Nothing but a full, exact copy of the data is needed.

──────── Record extracts

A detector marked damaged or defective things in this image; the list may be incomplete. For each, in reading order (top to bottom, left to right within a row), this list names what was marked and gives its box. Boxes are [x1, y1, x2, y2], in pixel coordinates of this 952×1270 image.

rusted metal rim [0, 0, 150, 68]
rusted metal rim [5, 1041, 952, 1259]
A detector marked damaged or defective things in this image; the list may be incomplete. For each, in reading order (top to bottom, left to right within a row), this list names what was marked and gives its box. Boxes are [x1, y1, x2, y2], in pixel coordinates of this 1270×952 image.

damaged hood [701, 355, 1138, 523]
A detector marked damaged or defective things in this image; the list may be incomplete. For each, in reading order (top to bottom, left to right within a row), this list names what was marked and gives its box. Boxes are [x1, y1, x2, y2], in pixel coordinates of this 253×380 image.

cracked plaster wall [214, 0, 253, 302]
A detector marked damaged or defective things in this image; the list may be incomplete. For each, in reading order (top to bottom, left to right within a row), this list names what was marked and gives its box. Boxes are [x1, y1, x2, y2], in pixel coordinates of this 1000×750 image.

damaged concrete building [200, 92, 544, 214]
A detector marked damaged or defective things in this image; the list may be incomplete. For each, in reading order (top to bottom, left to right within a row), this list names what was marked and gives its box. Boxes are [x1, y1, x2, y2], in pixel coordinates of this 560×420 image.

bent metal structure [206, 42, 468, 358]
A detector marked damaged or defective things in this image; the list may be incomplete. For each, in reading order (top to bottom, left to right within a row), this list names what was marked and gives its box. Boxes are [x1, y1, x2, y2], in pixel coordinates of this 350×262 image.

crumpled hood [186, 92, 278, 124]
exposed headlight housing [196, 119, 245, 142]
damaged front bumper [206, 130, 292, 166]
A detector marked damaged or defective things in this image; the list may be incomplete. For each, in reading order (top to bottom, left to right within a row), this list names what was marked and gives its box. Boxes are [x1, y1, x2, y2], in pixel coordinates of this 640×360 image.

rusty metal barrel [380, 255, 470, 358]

────────────────

[Answer box]
A detector marked damaged or defective things in this image; the list may be incomplete. For each, in reading order (top to bottom, left to right within a row), this list names what was marked and gives its box. Boxes are [x1, y1, x2, y2], in pixel coordinates of this 952×1270 image.

rusted metal rim [0, 0, 150, 68]
rusted metal rim [5, 1041, 952, 1259]
A detector marked damaged or defective things in this image; the list may be incomplete. For each, in reading order (top to bottom, left to right within a row), this list names what was marked and gives its box. Boxes are [x1, y1, x2, y2], in pixel coordinates of this 1270×952 image.

damaged hood [701, 355, 1138, 523]
A detector marked damaged or defective things in this image; the list may be incomplete. For each, in reading order (top to bottom, left to right within a row), this list names what was marked and gives its box. Boxes are [x1, y1, x2, y2], in pixel coordinates of this 253×380 image.

cracked plaster wall [214, 0, 253, 302]
A detector marked damaged or defective things in this image; the list may be incomplete. For each, in reading order (top to bottom, left to right within a row), this list names what was marked and gives its box. Boxes are [x1, y1, x2, y2], in pixel coordinates of this 1000×750 image.

damaged concrete building [200, 92, 544, 214]
A detector marked damaged or defective things in this image; the list may be incomplete. For each, in reading order (top to bottom, left to right within a row), this list names what was marked and gives its box. Boxes are [x1, y1, x2, y2], in pixel coordinates of this 560×420 image.

bent metal structure [206, 42, 468, 358]
A detector marked damaged or defective things in this image; the list may be incomplete. For each, in reading order (top to bottom, left to right within a row), this list names what was marked and gives its box. Boxes are [x1, y1, x2, y2], in pixel coordinates of this 350×262 image.

crumpled hood [186, 92, 278, 124]
exposed headlight housing [196, 119, 245, 142]
damaged front bumper [206, 130, 292, 166]
A detector marked damaged or defective things in this image; the list may be incomplete. For each, in reading order (top to bottom, left to right within a row), this list names what was marked and gives its box. Boxes are [x1, y1, x2, y2], in pixel coordinates of this 640×360 image.

rusty metal barrel [380, 255, 470, 358]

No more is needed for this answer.